■ Aim of the exercise ■
Repeat every entry exactly as it stands. Omit the images.

+++

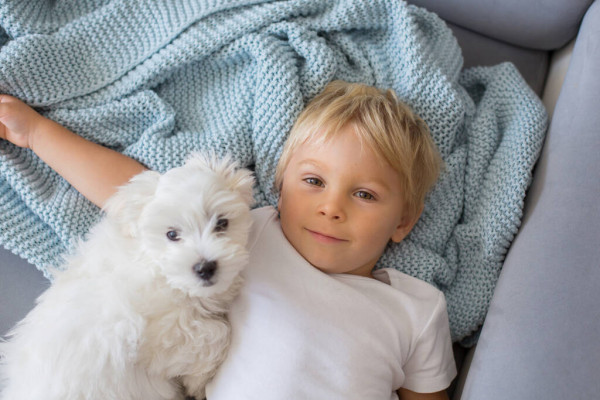 Çocuklar İle İyi Anlaşan 5 Köpek Cinsi!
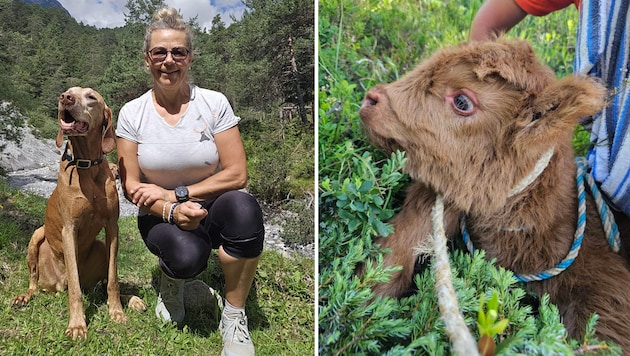 Suchhund „Levi“ von Manuela Deutschmann spürte das Kälbchen auf, das die Retter „Striezi“ ...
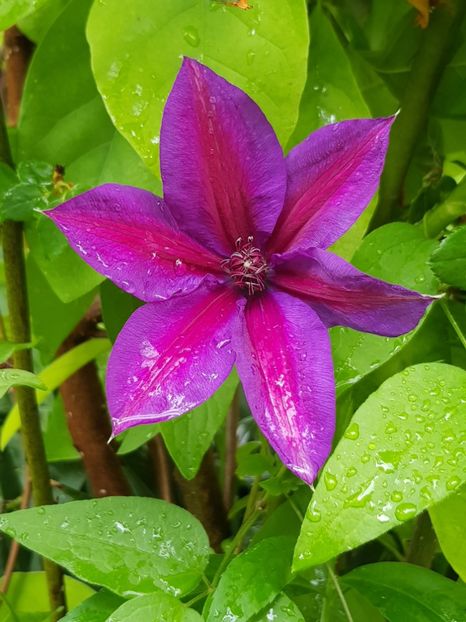  - Clematis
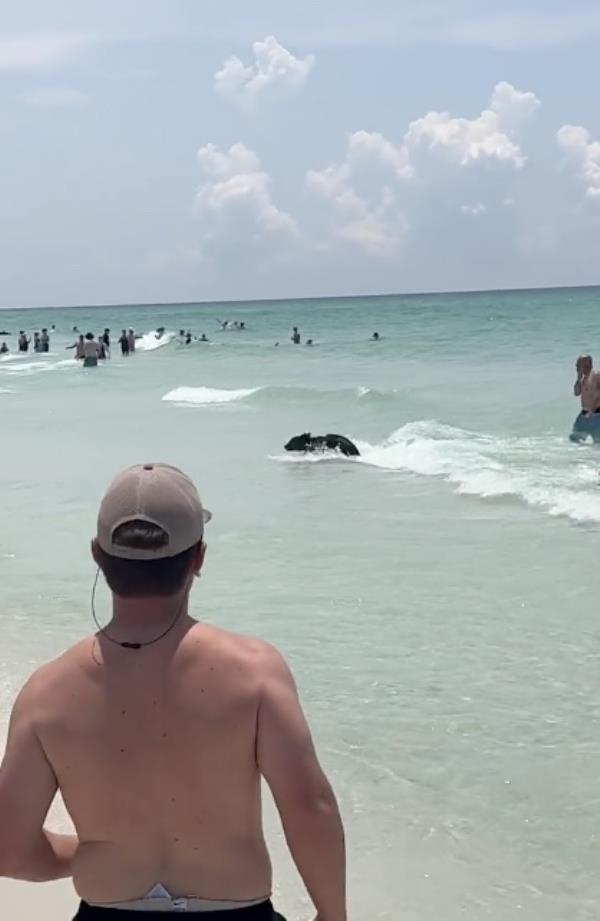 The beach went into the shallow end of the water Sunday. 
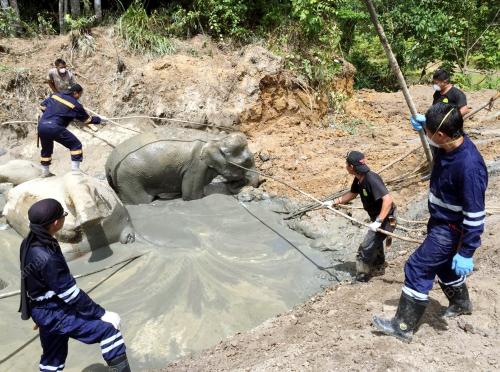 SB03_14092016_GAJAH_MATI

+++

■ Your solution ■
 Çocuklar İle İyi Anlaşan 5 Köpek Cinsi!
 Suchhund „Levi“ von Manuela Deutschmann spürte das Kälbchen auf, das die Retter „Striezi“ ...
  - Clematis
 The beach went into the shallow end of the water Sunday. 
 SB03_14092016_GAJAH_MATI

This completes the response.